- Exercise requirements -
Reproduce exactly the lines of the material beneath, from the line that contains "Escaper's Progress" to the line that contains "Good Success Diversion Courses logo", both included, and no other lines.

- Extracted entries -
-- -- --

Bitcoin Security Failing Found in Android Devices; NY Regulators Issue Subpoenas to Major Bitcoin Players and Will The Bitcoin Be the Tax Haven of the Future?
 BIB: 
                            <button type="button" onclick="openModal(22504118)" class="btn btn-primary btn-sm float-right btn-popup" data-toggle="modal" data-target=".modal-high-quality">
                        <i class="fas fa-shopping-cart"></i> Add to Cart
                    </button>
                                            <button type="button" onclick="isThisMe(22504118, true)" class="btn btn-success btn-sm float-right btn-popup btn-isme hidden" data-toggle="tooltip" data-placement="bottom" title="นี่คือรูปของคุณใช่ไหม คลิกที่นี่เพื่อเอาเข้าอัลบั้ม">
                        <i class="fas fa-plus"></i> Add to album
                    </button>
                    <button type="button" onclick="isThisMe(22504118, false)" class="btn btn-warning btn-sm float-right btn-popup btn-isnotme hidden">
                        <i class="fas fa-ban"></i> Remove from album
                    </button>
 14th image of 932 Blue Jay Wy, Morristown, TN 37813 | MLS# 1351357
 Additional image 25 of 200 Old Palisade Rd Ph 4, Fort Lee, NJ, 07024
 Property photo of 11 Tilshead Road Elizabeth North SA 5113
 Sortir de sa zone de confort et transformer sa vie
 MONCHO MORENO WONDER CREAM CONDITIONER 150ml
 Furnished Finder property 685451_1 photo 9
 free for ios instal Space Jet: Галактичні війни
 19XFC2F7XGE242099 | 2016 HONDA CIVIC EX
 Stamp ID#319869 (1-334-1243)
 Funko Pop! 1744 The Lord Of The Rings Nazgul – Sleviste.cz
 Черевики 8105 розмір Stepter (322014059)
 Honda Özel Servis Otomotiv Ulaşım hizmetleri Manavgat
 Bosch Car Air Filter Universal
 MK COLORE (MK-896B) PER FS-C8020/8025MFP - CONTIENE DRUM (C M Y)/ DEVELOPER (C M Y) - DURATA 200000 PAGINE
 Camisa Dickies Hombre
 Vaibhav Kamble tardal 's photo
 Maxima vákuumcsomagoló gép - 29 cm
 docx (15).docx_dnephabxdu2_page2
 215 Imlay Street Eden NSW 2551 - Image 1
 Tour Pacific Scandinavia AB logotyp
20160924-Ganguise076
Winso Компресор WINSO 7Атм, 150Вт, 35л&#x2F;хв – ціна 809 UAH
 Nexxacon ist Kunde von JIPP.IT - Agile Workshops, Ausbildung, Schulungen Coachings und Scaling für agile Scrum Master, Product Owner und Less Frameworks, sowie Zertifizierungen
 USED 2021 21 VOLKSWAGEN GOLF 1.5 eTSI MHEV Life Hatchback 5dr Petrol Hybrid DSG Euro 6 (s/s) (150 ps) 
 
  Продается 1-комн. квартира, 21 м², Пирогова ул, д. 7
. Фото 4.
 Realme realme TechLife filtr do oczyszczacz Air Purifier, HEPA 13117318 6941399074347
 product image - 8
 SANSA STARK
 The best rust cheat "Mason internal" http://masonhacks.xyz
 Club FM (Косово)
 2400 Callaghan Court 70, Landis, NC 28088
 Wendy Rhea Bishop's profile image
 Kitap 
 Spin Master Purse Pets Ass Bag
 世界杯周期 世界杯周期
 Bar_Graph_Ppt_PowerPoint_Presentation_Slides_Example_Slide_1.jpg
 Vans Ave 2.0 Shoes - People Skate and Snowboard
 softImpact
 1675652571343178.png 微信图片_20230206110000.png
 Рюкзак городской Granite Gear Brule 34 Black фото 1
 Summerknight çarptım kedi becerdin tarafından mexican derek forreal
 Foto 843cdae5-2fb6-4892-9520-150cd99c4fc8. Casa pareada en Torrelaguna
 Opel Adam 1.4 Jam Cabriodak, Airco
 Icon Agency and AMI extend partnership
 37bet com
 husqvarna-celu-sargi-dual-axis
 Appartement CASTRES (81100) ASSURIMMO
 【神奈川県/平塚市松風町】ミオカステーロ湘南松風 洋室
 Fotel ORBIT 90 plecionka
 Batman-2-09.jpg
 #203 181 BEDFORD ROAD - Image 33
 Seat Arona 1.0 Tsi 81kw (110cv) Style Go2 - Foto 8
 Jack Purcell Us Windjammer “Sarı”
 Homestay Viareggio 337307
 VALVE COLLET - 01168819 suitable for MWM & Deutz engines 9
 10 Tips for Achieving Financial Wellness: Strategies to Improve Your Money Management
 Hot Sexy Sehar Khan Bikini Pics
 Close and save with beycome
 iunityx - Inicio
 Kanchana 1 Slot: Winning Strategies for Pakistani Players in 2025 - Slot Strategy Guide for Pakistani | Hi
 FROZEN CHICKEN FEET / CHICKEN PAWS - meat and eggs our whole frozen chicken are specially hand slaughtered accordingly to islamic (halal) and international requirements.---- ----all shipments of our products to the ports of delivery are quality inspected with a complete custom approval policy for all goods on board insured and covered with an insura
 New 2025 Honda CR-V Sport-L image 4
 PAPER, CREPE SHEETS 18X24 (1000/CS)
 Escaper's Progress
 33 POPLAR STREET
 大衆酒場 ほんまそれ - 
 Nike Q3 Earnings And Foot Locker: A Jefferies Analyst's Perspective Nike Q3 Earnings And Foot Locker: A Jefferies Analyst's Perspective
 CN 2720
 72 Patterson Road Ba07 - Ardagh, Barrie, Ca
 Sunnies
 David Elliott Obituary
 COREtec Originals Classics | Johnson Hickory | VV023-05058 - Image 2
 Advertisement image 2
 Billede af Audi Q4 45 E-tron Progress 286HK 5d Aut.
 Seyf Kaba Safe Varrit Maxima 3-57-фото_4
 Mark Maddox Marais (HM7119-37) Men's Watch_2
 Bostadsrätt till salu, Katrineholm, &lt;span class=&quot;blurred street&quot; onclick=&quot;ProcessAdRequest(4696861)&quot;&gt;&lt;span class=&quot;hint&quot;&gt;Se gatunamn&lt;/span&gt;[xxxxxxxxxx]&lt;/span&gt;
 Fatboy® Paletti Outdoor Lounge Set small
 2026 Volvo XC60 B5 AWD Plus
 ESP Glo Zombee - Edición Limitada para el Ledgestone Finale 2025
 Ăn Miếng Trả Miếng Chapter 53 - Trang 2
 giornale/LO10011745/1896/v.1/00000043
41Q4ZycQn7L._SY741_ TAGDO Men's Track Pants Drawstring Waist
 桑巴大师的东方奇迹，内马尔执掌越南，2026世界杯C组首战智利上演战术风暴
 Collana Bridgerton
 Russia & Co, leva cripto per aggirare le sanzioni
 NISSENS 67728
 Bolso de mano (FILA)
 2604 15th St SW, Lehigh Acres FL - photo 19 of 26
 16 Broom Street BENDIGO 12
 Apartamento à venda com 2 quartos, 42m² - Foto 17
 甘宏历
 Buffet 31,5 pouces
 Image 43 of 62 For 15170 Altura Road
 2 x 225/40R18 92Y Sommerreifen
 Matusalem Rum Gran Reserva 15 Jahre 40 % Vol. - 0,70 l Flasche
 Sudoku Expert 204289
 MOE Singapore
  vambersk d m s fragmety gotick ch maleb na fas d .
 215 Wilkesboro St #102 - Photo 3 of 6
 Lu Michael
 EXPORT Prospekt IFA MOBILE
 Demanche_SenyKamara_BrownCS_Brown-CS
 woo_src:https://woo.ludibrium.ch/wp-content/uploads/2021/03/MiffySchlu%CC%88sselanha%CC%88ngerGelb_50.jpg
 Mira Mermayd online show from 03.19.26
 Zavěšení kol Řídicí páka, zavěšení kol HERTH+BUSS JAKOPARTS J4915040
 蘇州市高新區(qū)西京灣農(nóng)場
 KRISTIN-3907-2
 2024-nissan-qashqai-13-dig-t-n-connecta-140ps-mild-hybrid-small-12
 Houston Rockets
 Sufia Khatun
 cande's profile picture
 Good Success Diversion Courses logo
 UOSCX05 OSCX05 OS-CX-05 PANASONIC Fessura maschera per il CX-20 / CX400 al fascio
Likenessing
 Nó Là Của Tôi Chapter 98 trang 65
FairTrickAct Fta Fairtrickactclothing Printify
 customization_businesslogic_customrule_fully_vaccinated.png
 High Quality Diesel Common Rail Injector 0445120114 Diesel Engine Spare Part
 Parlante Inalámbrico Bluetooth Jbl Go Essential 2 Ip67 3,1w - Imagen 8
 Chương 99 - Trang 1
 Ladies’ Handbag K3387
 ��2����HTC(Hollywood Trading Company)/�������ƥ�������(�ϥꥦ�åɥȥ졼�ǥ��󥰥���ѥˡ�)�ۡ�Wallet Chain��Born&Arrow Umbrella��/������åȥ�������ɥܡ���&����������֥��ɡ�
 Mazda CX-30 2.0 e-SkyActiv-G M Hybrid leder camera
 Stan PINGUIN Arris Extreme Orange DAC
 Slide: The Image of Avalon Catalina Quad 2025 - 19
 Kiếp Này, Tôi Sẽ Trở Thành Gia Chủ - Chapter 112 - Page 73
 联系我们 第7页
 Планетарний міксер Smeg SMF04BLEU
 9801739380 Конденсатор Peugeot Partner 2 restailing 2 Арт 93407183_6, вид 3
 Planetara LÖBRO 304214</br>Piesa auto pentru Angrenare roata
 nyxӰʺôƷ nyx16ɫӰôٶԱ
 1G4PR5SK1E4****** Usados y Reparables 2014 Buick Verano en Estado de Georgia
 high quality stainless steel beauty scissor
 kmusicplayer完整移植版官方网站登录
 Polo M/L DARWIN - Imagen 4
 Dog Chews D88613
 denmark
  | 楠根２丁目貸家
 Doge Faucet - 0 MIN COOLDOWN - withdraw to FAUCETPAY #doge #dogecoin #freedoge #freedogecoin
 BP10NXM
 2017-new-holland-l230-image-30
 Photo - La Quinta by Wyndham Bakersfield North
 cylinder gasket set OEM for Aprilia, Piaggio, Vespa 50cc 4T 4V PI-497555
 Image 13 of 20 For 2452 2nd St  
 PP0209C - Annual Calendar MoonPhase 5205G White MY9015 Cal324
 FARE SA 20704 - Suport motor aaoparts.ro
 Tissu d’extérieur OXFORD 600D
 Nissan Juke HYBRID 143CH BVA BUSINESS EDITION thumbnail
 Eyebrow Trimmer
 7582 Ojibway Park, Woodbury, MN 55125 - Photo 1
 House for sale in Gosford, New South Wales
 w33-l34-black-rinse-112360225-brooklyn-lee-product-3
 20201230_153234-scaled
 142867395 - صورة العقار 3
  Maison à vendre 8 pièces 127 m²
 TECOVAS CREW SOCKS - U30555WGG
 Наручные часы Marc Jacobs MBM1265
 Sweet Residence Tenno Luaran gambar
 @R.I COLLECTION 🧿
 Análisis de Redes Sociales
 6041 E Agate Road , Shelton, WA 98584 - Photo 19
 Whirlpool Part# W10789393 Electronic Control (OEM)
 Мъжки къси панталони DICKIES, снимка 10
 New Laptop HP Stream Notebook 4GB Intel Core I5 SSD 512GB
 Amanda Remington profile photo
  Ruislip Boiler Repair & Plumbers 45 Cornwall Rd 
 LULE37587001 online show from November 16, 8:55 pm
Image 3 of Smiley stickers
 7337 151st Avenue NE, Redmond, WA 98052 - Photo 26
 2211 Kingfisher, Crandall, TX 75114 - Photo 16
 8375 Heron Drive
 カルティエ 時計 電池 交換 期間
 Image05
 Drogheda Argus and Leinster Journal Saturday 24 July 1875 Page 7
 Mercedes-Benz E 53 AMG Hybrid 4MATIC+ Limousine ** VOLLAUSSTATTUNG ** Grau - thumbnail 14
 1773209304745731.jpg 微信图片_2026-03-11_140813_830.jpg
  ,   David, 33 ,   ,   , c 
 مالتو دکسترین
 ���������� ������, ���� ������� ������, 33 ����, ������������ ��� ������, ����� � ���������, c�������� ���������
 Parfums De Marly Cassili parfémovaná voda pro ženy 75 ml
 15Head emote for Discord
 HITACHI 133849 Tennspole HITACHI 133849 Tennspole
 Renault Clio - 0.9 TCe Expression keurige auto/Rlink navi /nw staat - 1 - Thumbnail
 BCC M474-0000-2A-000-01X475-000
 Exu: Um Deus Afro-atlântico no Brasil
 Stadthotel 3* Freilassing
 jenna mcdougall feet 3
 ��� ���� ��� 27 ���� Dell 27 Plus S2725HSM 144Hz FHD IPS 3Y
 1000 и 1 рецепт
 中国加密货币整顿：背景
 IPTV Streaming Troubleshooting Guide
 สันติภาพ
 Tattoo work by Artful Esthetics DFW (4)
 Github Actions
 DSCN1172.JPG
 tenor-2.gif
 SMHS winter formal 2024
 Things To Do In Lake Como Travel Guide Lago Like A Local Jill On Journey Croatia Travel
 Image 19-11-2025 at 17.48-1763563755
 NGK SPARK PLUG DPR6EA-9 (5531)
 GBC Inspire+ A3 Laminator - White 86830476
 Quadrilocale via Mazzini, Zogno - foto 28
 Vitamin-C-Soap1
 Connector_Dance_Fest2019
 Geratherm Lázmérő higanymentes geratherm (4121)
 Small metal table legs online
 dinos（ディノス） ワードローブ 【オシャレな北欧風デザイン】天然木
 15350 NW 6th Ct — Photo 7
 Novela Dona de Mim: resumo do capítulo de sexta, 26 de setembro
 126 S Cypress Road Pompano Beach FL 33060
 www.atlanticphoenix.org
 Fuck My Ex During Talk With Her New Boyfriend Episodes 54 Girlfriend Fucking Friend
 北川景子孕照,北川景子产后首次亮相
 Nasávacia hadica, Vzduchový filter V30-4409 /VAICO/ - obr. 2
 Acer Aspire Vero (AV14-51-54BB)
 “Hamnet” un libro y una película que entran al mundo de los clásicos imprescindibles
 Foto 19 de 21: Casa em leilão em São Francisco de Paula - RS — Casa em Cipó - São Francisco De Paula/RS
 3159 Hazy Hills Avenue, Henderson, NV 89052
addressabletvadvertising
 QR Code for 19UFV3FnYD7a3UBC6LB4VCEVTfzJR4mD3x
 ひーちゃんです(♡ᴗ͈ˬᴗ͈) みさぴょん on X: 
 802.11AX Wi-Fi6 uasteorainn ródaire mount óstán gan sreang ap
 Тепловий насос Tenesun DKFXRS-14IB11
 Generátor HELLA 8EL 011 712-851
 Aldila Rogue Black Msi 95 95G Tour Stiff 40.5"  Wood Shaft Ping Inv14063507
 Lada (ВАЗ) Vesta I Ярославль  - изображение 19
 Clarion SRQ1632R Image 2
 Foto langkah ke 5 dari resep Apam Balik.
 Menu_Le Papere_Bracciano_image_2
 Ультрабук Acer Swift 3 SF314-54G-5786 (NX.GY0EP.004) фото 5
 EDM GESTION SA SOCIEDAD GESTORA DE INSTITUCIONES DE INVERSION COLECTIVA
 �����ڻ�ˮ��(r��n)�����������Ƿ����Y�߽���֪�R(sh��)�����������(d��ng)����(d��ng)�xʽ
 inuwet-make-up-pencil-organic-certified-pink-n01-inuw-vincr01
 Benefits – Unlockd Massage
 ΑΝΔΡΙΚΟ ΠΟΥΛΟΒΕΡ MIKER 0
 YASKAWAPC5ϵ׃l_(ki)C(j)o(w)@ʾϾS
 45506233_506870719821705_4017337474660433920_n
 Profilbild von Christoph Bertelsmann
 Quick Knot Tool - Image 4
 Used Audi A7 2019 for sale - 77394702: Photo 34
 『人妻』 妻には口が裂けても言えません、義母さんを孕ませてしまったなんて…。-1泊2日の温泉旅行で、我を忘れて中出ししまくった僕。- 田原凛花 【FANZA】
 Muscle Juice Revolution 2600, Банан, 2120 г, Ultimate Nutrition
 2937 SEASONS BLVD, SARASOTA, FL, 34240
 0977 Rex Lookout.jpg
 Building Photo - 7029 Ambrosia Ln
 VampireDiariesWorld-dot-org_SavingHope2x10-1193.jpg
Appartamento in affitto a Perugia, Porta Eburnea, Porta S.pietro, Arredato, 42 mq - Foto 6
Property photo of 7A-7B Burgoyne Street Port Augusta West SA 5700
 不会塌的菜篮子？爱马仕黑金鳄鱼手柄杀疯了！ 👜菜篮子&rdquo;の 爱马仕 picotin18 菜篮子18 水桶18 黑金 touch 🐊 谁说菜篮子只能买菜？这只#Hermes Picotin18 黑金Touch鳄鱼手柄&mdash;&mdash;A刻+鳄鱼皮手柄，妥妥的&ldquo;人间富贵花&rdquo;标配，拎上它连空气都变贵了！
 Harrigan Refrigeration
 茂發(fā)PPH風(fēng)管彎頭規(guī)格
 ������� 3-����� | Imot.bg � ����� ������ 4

-- -- --

- Written answer -
 Escaper's Progress
 33 POPLAR STREET
 大衆酒場 ほんまそれ - 
 Nike Q3 Earnings And Foot Locker: A Jefferies Analyst's Perspective Nike Q3 Earnings And Foot Locker: A Jefferies Analyst's Perspective
 CN 2720
 72 Patterson Road Ba07 - Ardagh, Barrie, Ca
 Sunnies
 David Elliott Obituary
 COREtec Originals Classics | Johnson Hickory | VV023-05058 - Image 2
 Advertisement image 2
 Billede af Audi Q4 45 E-tron Progress 286HK 5d Aut.
 Seyf Kaba Safe Varrit Maxima 3-57-фото_4
 Mark Maddox Marais (HM7119-37) Men's Watch_2
 Bostadsrätt till salu, Katrineholm, &lt;span class=&quot;blurred street&quot; onclick=&quot;ProcessAdRequest(4696861)&quot;&gt;&lt;span class=&quot;hint&quot;&gt;Se gatunamn&lt;/span&gt;[xxxxxxxxxx]&lt;/span&gt;
 Fatboy® Paletti Outdoor Lounge Set small
 2026 Volvo XC60 B5 AWD Plus
 ESP Glo Zombee - Edición Limitada para el Ledgestone Finale 2025
 Ăn Miếng Trả Miếng Chapter 53 - Trang 2
 giornale/LO10011745/1896/v.1/00000043
41Q4ZycQn7L._SY741_ TAGDO Men's Track Pants Drawstring Waist
 桑巴大师的东方奇迹，内马尔执掌越南，2026世界杯C组首战智利上演战术风暴
 Collana Bridgerton
 Russia & Co, leva cripto per aggirare le sanzioni
 NISSENS 67728
 Bolso de mano (FILA)
 2604 15th St SW, Lehigh Acres FL - photo 19 of 26
 16 Broom Street BENDIGO 12
 Apartamento à venda com 2 quartos, 42m² - Foto 17
 甘宏历
 Buffet 31,5 pouces
 Image 43 of 62 For 15170 Altura Road
 2 x 225/40R18 92Y Sommerreifen
 Matusalem Rum Gran Reserva 15 Jahre 40 % Vol. - 0,70 l Flasche
 Sudoku Expert 204289
 MOE Singapore
  vambersk d m s fragmety gotick ch maleb na fas d .
 215 Wilkesboro St #102 - Photo 3 of 6
 Lu Michael
 EXPORT Prospekt IFA MOBILE
 Demanche_SenyKamara_BrownCS_Brown-CS
 woo_src:https://woo.ludibrium.ch/wp-content/uploads/2021/03/MiffySchlu%CC%88sselanha%CC%88ngerGelb_50.jpg
 Mira Mermayd online show from 03.19.26
 Zavěšení kol Řídicí páka, zavěšení kol HERTH+BUSS JAKOPARTS J4915040
 蘇州市高新區(qū)西京灣農(nóng)場
 KRISTIN-3907-2
 2024-nissan-qashqai-13-dig-t-n-connecta-140ps-mild-hybrid-small-12
 Houston Rockets
 Sufia Khatun
 cande's profile picture
 Good Success Diversion Courses logo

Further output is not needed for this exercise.